自分自身で“気づく”って行為がすごく好きなのよね。(ジェニー)

――さて、サヴェージズのデビュー・アルバム『サイレンス・ユアセルフ』、非の打ち所がない素晴らしい作品でした。バンド結成からはまだ1年ちょっとですが、こうして日本にも来れるようになったわけですし、着実に自分たちを取り巻く環境や生活が変わったと実感していますか?

ジェニー うーん、今まさにツアーを周っているところだからね(笑)。でも楽しんでるわよ。この時間を人生の一部だと思っているし、すごくエキサイティングなことよね。色んな人々にも会えたし。先日USツアーを終えたばかりなんだけど、どの会場もソールド・アウトで素晴らしいショーだったのよ。日を追うごとに、オーディエンスがどんどん私たちのサウンドにのめり込んでいってくれてるような気がするわ。

――アルバムの冒頭にジョン・カサヴェデスの映画『オープニング・ナイト』からのセリフの引用がありますが、これはどういった理由で思いついたのでしょうか?

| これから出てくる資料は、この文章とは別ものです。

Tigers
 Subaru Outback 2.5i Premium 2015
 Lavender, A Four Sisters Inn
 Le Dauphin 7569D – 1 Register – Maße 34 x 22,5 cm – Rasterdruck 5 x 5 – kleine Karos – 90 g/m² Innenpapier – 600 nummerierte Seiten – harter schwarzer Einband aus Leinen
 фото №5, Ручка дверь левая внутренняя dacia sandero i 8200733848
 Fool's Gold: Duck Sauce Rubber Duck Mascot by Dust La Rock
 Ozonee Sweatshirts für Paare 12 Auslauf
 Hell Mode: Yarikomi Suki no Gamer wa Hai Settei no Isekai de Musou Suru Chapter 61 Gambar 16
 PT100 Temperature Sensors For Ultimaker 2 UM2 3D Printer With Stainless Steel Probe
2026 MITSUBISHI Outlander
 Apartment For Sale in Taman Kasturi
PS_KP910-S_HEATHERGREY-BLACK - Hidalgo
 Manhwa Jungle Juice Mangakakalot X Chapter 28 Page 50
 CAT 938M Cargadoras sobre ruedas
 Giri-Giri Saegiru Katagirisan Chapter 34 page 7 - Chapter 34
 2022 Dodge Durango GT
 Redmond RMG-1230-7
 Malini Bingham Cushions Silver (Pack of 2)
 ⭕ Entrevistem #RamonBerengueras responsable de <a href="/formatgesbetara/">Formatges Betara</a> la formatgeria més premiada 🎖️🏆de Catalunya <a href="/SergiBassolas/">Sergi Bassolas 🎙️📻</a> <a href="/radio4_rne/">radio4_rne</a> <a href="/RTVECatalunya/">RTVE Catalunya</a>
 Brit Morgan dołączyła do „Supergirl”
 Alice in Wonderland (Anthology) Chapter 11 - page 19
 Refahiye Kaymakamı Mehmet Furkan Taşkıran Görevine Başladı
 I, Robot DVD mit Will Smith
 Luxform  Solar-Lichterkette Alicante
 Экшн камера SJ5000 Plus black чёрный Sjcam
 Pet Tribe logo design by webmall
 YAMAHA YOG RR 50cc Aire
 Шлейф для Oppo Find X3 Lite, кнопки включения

ジェニー これはジョニー・ホスタイルのアイディアだったのよ。アルバムの1曲目が“Shut Up”というのは決まっていたんだけど、この曲を紹介するための何かを探していたのよね。それこそ映画のイントロみたいに。カサヴェデスは尊敬すべきインディペンデント映画の監督だし、私自身も彼のすごいファンだったから即決。何事にも左右されない経歴や、ハリウッドのシステムから常に一線を画しているところも素晴らしいわよね。人間関係や家族関係、あるいは女性といった普遍的なテーマを取り扱いながら、絶対にデタラメや嘘は言わないし、常に真実だけを伝えるスタンスは未だに多くの人々が影響されているの。

――なるほど。

ジェニー 音楽も重要なポイントで、チャールズ・ミンガスが手がけた『アメリカの影』(59年)のサントラは最高よ。他にもニューヨークのジャズとかね。それと、役者の演技にはアートからの影響も垣間見えるの。カサヴェテスは「アートがアートに反響している」と語ったんだけど、それもすごく面白い意見だしね。彼の作品については何時間でも語ることができるわ! そのことで、自分の中に秘めたものから何か新しい発見ができたりもするし。自分自身で“気づく”って行為がすごく好きなのよね。映画を鑑賞することで、今まで自分が知らなかった自分を発見することができるあの感じ。サヴェージズを好きな人たちが、このアルバムを通してカサヴェテスのことを知って、彼の作品を観てくれるようになったら、これほど素晴らしいことは無いわ。

――日本の映画監督で誰か好きな人はいますか?

ジェニー きっと彼女(ジェマ)がよく知ってるわよ。

ジェマ ええ、たしかに日本映画の影響はすごく受けているわよ。クロサワ(黒澤明)やオヅ(小津安二郎)はもちろんだし、今は名前が思い出せないんだけど、アベ…。

ユウキ&コウヘイ 安部公房?

ジェマ そう、その人! すごくファンなの。彼の作品からはいつもインスピレーションを受けてるわよ。人間の深層心理を追求してると思う。

ジェニー ギターを選んだのはなんでだっけ?

ジェマ あー、それは『ELECTRIC DRAGON 80000V』(2001年)っていうサイコーな映画があるから、それを観てもらったほうが早いかも(笑)。